• YOUR OBJECTIVE: Report every line below that has the string "example" in it.

• RECORD EXCERPTS:
=-=-=

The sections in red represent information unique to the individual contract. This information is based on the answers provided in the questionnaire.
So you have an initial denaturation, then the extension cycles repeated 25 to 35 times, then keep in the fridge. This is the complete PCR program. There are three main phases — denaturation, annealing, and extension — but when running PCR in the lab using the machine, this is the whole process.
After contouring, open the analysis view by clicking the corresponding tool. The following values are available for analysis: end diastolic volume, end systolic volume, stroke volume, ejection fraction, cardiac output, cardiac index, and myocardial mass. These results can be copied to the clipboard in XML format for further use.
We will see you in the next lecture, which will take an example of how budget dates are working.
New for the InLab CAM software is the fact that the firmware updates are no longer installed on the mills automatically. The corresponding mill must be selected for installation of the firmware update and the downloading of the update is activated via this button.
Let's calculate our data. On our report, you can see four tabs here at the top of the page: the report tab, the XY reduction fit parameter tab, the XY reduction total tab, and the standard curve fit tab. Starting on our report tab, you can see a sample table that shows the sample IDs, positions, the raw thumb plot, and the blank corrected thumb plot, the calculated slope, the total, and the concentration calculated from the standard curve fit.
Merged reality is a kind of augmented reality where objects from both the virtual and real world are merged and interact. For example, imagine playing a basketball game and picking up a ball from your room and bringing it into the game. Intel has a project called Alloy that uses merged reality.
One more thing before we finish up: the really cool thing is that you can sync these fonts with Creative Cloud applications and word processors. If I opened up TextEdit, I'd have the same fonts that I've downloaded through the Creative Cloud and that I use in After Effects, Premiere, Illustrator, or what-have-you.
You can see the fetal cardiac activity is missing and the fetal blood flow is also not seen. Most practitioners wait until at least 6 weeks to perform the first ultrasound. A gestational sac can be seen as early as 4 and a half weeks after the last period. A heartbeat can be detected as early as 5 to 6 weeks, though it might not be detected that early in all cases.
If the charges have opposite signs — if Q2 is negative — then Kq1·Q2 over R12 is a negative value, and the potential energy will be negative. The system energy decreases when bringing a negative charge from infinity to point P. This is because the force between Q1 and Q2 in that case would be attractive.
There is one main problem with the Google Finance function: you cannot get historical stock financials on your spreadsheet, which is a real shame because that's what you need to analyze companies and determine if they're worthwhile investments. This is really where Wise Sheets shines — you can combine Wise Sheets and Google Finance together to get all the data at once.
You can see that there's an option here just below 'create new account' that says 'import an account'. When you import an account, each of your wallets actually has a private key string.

=-=-=

• WRITTEN REPLY:
We will see you in the next lecture, which will take an example of how budget dates are working.
Merged reality is a kind of augmented reality where objects from both the virtual and real world are merged and interact. For example, imagine playing a basketball game and picking up a ball from your room and bringing it into the game. Intel has a project called Alloy that uses merged reality.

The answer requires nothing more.